"Daily Debt Report"
Sovereign yields rebound yet again after Friday's gains
n Government bond yields retraced by 10-15bps across the yield curve after opening at nearly previous close. The old benchmark paper (8.24% GoI 2018), after touching an intra-day low of 6.13% in the volatile first hour of trade, rode higher after noon, as participants looked to book some gains on the back of previous week's upbeat close. It closed for the day at 6.33% (up 20bps from low).
n The new 10-year bond too registered a similar sentiment as it trailed 15bps higher from the day's low of 5.70% to close at 5.85%. The spread between the old and new 10-year bonds remained unchanged at 48bps.
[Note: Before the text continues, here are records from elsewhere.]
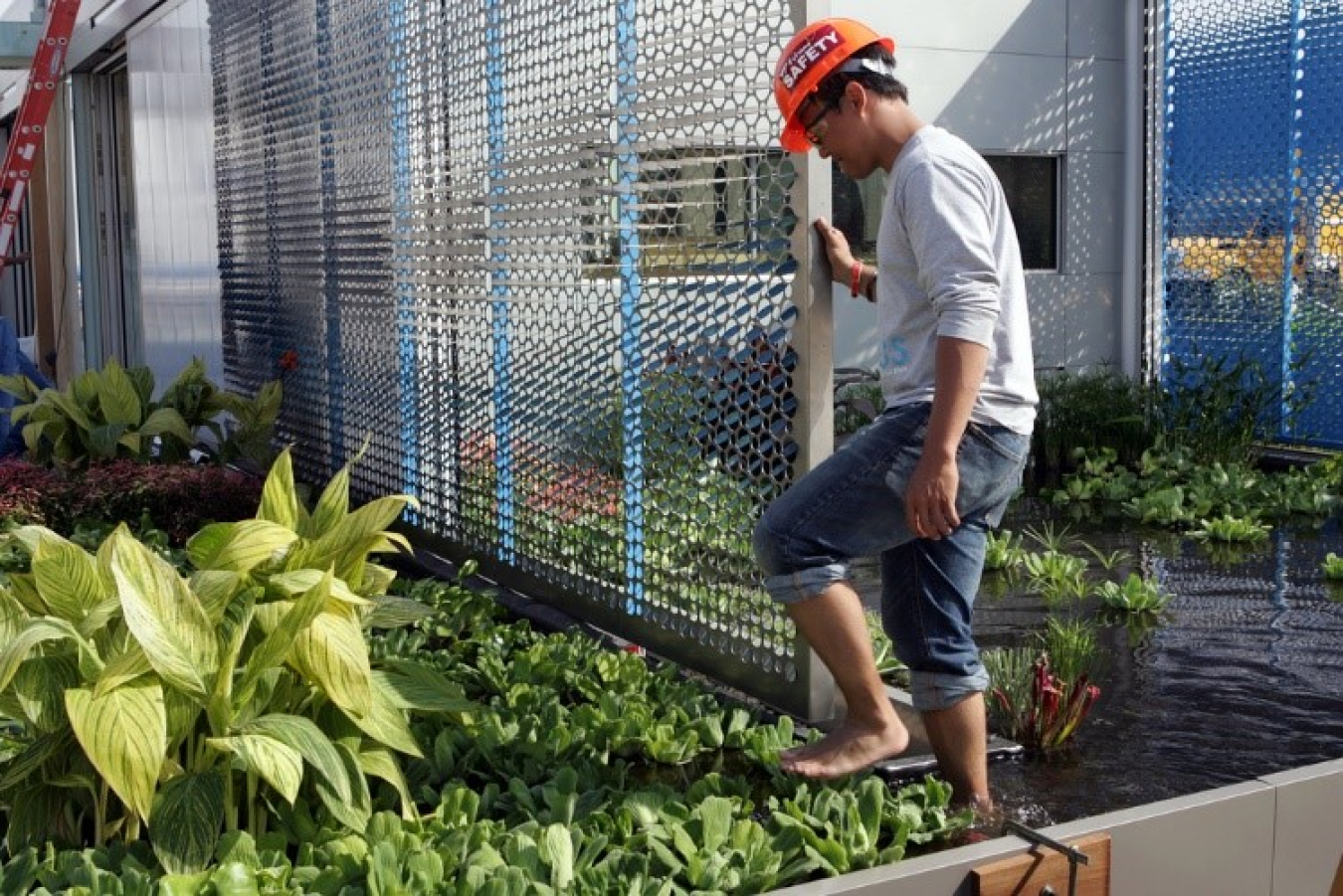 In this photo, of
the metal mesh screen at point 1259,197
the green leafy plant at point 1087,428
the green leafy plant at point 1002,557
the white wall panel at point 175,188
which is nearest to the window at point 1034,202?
the metal mesh screen at point 1259,197

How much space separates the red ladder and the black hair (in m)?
10.5

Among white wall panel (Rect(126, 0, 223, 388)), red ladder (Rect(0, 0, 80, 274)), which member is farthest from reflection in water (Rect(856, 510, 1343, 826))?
red ladder (Rect(0, 0, 80, 274))

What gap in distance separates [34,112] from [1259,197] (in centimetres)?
940

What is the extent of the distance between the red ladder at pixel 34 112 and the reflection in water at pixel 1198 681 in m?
8.27

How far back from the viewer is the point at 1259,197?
38.7ft

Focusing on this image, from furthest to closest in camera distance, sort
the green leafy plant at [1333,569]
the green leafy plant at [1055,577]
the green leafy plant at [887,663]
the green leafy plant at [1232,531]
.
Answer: the green leafy plant at [1232,531] < the green leafy plant at [1333,569] < the green leafy plant at [1055,577] < the green leafy plant at [887,663]

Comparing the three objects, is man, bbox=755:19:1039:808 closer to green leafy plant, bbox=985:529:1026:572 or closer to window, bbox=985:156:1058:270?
green leafy plant, bbox=985:529:1026:572

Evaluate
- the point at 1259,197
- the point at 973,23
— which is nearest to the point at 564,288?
the point at 1259,197

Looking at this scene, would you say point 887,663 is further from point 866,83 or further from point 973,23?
point 973,23

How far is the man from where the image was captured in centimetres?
374

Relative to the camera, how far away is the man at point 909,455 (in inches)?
147

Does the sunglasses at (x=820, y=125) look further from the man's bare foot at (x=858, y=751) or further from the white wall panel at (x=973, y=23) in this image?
the white wall panel at (x=973, y=23)

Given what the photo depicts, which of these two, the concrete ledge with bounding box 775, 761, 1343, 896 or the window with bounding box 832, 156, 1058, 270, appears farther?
the window with bounding box 832, 156, 1058, 270

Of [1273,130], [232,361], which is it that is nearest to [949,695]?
[232,361] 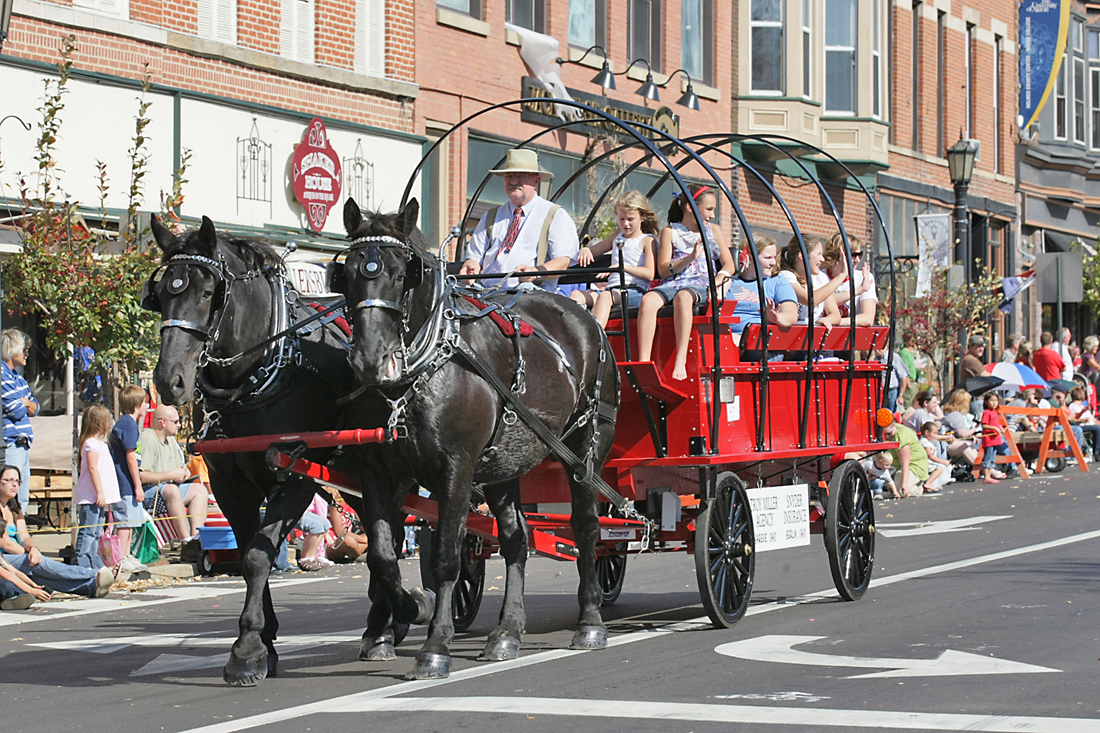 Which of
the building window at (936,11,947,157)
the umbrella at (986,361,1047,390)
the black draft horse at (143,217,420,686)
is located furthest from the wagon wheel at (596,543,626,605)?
the building window at (936,11,947,157)

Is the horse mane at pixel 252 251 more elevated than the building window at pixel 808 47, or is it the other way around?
the building window at pixel 808 47

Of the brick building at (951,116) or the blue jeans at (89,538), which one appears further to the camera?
the brick building at (951,116)

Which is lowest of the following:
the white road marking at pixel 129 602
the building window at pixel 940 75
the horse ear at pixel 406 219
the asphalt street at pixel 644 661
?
the white road marking at pixel 129 602

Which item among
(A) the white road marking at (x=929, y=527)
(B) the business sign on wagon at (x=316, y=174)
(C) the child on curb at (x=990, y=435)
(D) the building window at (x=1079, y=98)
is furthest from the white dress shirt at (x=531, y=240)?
(D) the building window at (x=1079, y=98)

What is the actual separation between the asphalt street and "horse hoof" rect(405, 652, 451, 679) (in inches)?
3.1

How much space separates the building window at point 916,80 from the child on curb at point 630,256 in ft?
83.4

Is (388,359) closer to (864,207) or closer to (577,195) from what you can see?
(577,195)

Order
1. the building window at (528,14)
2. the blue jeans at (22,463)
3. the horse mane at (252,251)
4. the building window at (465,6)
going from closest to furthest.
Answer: the horse mane at (252,251) → the blue jeans at (22,463) → the building window at (465,6) → the building window at (528,14)

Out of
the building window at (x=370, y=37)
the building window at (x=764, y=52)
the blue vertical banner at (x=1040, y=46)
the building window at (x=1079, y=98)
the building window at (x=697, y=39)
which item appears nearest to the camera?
the building window at (x=370, y=37)

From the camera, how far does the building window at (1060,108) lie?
41938mm

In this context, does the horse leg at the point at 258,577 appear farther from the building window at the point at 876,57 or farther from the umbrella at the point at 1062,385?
the building window at the point at 876,57

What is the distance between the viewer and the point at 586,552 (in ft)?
29.9

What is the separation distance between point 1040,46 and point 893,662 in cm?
3437

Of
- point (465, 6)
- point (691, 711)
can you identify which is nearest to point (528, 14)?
point (465, 6) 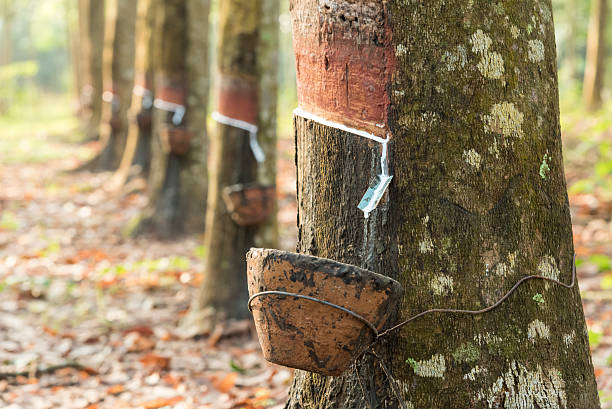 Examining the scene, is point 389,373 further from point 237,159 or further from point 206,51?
point 206,51

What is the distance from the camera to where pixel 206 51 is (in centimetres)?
725

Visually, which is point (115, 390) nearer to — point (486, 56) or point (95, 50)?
point (486, 56)

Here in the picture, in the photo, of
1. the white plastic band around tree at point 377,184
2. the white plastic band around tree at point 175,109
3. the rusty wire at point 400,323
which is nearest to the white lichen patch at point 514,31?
the white plastic band around tree at point 377,184

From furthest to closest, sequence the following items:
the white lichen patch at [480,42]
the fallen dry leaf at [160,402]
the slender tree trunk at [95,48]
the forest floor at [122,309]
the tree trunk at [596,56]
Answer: the slender tree trunk at [95,48] < the tree trunk at [596,56] < the forest floor at [122,309] < the fallen dry leaf at [160,402] < the white lichen patch at [480,42]

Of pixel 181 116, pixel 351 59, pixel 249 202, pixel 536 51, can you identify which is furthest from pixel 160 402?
pixel 181 116

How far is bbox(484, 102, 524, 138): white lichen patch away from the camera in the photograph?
1.79m

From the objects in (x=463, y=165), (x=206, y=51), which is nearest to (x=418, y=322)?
(x=463, y=165)

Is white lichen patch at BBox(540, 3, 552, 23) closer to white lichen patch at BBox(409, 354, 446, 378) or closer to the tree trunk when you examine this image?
white lichen patch at BBox(409, 354, 446, 378)

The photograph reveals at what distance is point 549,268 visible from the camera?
1.86 meters

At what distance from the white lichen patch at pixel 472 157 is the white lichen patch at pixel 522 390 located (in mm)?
585

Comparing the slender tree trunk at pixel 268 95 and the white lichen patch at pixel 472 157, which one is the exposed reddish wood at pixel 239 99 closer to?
the slender tree trunk at pixel 268 95

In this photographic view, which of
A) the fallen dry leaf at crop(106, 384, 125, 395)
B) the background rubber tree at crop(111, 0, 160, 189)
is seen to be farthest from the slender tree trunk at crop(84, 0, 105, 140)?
the fallen dry leaf at crop(106, 384, 125, 395)

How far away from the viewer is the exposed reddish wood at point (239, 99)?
4.36 meters

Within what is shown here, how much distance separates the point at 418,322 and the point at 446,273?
17 cm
n Liquidity was undeterred as the week resumed with an average overnight rate of 3.81% (nearly 20bps below the reverse repo level). Excess cash parked under LAF reverse repo stood at INR 452.35 bn. Mutual funds were replete with cash as indicated by ~INR 450 bn under CBLO and absence of bids under special repo.
n The Central Statistical Organization released advanced estimates of the GDP at constant prices, expected to grow by a subdued 7.1% for FY09 relative to the previous 9% level. The 7% plus estimates have been possible due to growth of over 5% in sectors such as construction, financing, insurance, real estate, etc.
n Non-SLR market (that witnessed an upbeat morning session) reacted to the hardening sovereign yield curve in a likewise manner; PFC's five-year paper that reported softer bids at 8.85% closed at 8.90%. The spread of the 10-year over 5-year has widened since beginning of February from 10bps to 22bps.
Highlights of the day
n Foreign banks swapped investor interest with public banks (much like Friday), as they purchased a net stock worth INR 3.4 bn while the latter sold stock worth INR 3 bn in the government bond segment.
n National Capital region planning board is scheduled to open a bond issue tomorrow at coupon rate of 9.15% in the 10-year maturity with a put-call option after 7 years. The issue has been rated LAAA by CRISIL and ICRA.